Ce qu'il faut retenir

  • Trois variétés de pommes ont été testées par la biochimiste : une rouge, une verte et une autre non précisée.
  • Les courbes de glycémie mesurées en temps réel montrent que la pomme rouge induit les pics de sucre les plus élevés.
  • À l’inverse, la pomme verte est celle qui limite le plus les variations de glycémie, selon les résultats obtenus.
  • Ces conclusions s’adressent particulièrement aux personnes surveillant leur taux de sucre, comme les diabétiques ou celles suivant un régime glycémique strict.

Pour parvenir à ces résultats, la biochimiste a utilisé un protocole de mesure en continu de la glycémie. Trois variétés de pommes couramment consommées ont été sélectionnées : une pomme rouge à chair ferme, une pomme verte à peau fine et une troisième variété non précisée dans l’étude. Les participants, dont le nombre n’est pas communiqué, ont ingéré une portion identique de chaque type de pomme après une période de jeûne.

« Les courbes de glycémie obtenues montrent des différences marquées entre les variétés. La pomme rouge provoque une augmentation significative du taux de sucre dans le sang, tandis que la verte limite cette réponse glycémique », a expliqué la biochimiste, dont le nom n’est pas mentionné dans l’étude.

Les mécanismes expliquant ces écarts résident principalement dans la composition nutritionnelle de chaque fruit. Les pommes rouges, souvent plus riches en sucres naturels, entraînent une digestion plus rapide et une absorption accrue du glucose par l’organisme.
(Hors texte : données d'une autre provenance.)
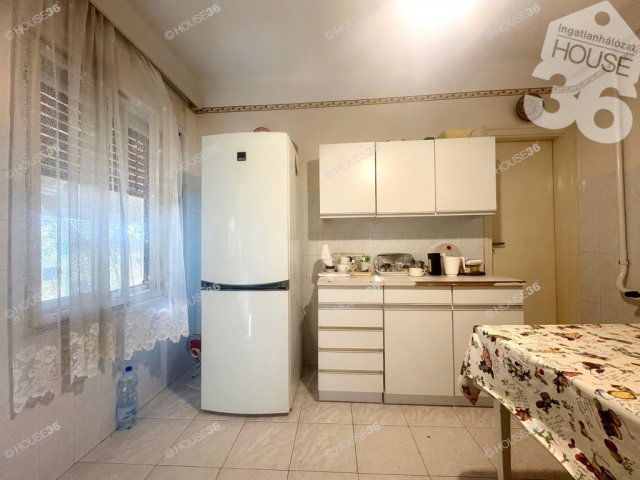 Eladó családi ház, Lakitelken 53.9 M Ft, 3 szobás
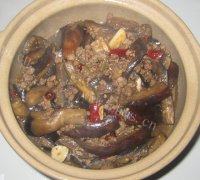 家常菜肉末茄子煲做法图解8)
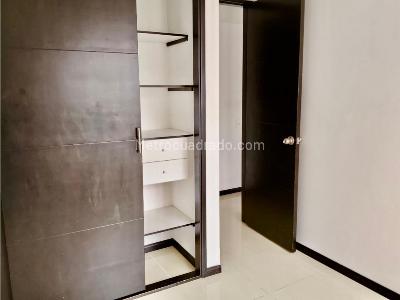 Apartamento de 3 alcobas en venta en Las Lomitas, Sabaneta, 84 m² · foto 5 de 20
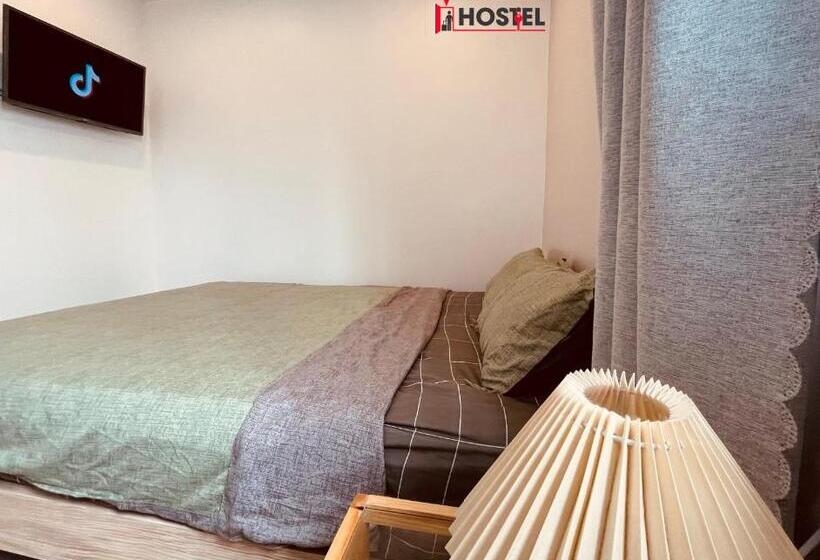 اتاق استاندارد با بالکن, Stay Hostel 2   350m From The Ferry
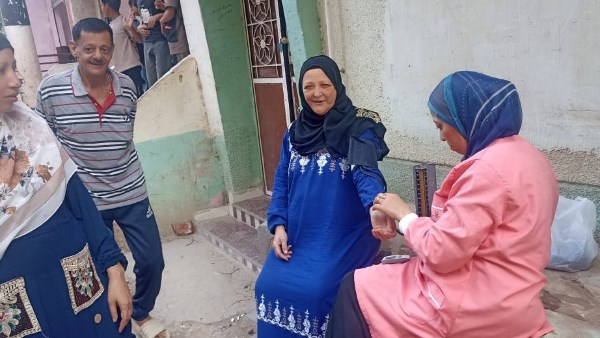 لليوم الـ68 على التوالي| استمرار انتشار فرق مبادرة «100 يوم صحة» بمدن وقرى بني سويف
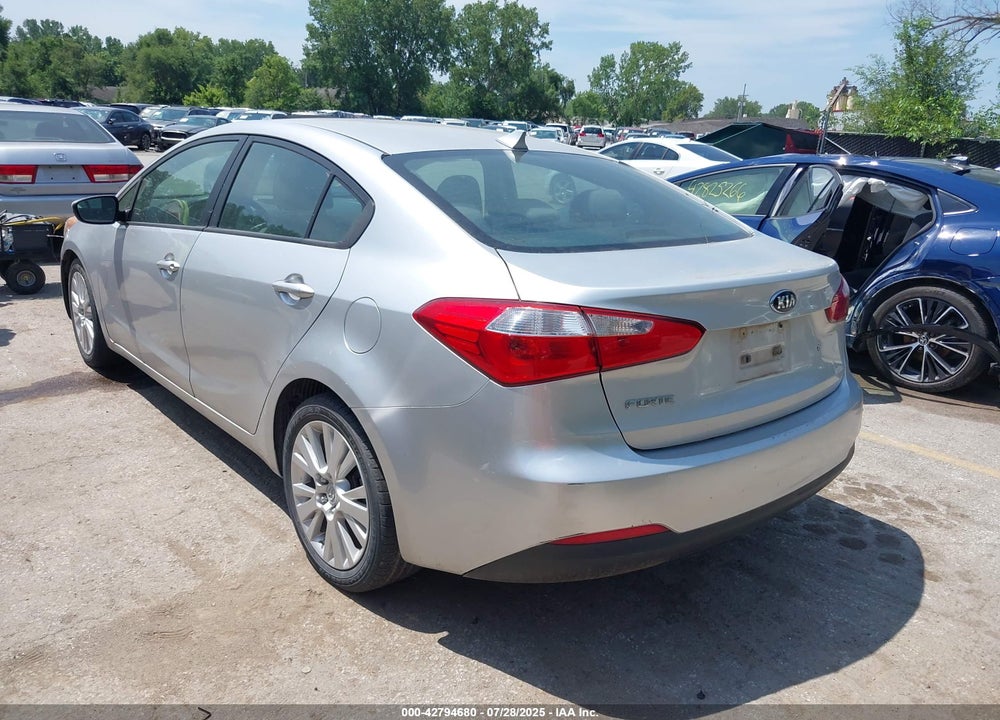 2015 KIA FORTE VIN: KNAFK4A63F5304639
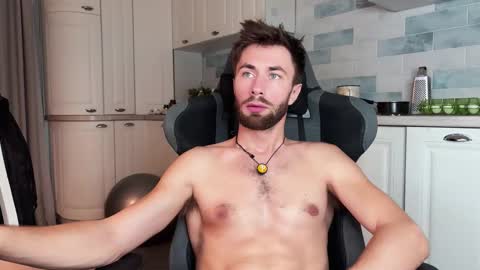 Snapshot of hey_arnold chatting on 12.14.25 Arnold online show from 12.14.25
À l’inverse, les pommes vertes, généralement plus acides et moins sucrées, favorisent une libération plus lente des sucres dans le sang. Ce phénomène est particulièrement important pour les personnes devant gérer leur apport en glucides, comme les patients diabétiques de type 2 ou ceux suivant un régime cétogène.

Ces résultats rejoignent les recommandations nutritionnelles actuelles, qui encouragent la consommation de fruits à faible indice glycémique. Selon les experts en diabétologie, privilégier les fruits entiers plutôt que les jus ou les compotes permet de mieux contrôler la glycémie. Cependant, cette étude apporte une précision supplémentaire en identifiant des variétés spécifiques au sein d’un même fruit.

Et maintenant ?

Si ces conclusions offrent une piste concrète pour adapter son alimentation, elles restent à confirmer par des études plus larges, impliquant un plus grand nombre de participants et une diversité de profils métaboliques. Pour l’instant, les chercheurs appellent à la prudence : ces résultats ne signifient pas qu’il faut bannir les pommes rouges, mais plutôt les consommer avec modération et en tenant compte de leur impact glycémique individuel.

Les professionnels de santé pourraient intégrer ces données dans leurs conseils nutritionnels, notamment pour les patients diabétiques. Une prochaine étape pourrait consister à évaluer l’impact de ces variétés de pommes sur d’autres marqueurs métaboliques, comme le taux d’insuline ou la résistance au glucose. En attendant, les consommateurs soucieux de leur glycémie disposent d’une information supplémentaire pour faire des choix éclairés.

Oui, mais avec modération. L’étude souligne que les pommes rouges entraînent des pics de glycémie plus marqués que les vertes. Il est donc conseillé de les consommer en petites quantités et éventuellement en association avec des aliments riches en fibres ou en protéines pour atténuer leur impact.